A priori, rien n’est plus sensé que la retraite par points, proposée par le gouvernement français, et reprise, parmi d’autres sources, des propositions de la commission que j’avais présidée il y a douze ans : elle vise à prendre acte du nomadisme croissant du travail, de moins en moins enfermé dans des carrières en silo, vécues dans une seule entreprise. Cette réforme pourrait aussi être parfaitement juste, si on pouvait y consacrer les moyens permettant de tenir compte de toutes les situations particulières.
C’est là où commencent les problèmes : une réforme d’un système de retraites n’est pas, comme le sont beaucoup d’autres réformes publiques, une décision simple, qu’on peut prendre ou ne pas prendre, pour autoriser ou interdire telle ou telle activité. Un tel système renvoie à quelque chose de beaucoup plus profond, organique, car il s’est construit au fil du temps, avec des spécificités infinies, miroir de la complexité du corps social.
Comme pour un corps humain : il est extrêmement difficile d’accepter le remplacement d’un membre ou d’un organe par une prothèse ; et plus encore d’accepter le remplacement d’un membre, qui fonctionne, par une prothèse, qu’on vous jure être plus efficace et plus juste que le membre réel ; d’autant plus difficile qu’il est pratiquement impossible, de prouver que le membre réel va bientôt être malade et qu’il est urgent de l’amputer avant qu’il ne gangrène tout le corps. En fait, presque personne, sauf acculé par les évidences de la douleur, ne l’accepterait.

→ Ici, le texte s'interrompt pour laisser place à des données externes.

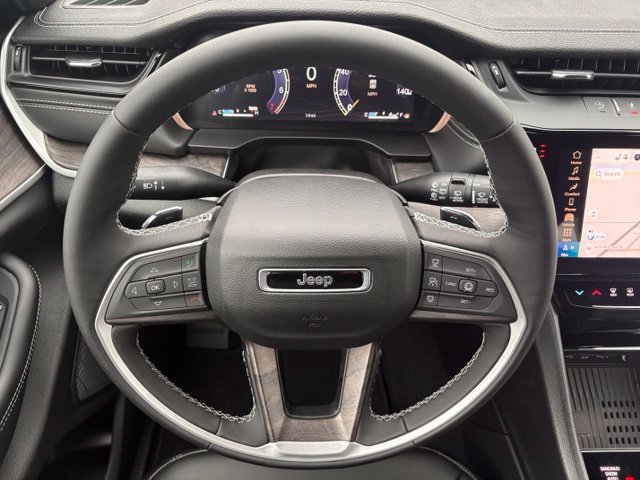 New 2027 Jeep Grand Cherokee L Limited AWD/4WD image 24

On en est là avec le régime des retraites : il constitue une partie vivante, un organe du corps social. Il a évolué avec lui ; il fait intimement partie de lui ; il s’est complexifié avec lui. Et nul ne peut expliquer qu’il n’est plus capable de rendre les services qui justifie son existence. Aussi est-il très difficile de convaincre le corps social de la nécessité de le remplacer par un artefact universel, une prothèse qui viendrait remplacer cet organe supposé fatigué.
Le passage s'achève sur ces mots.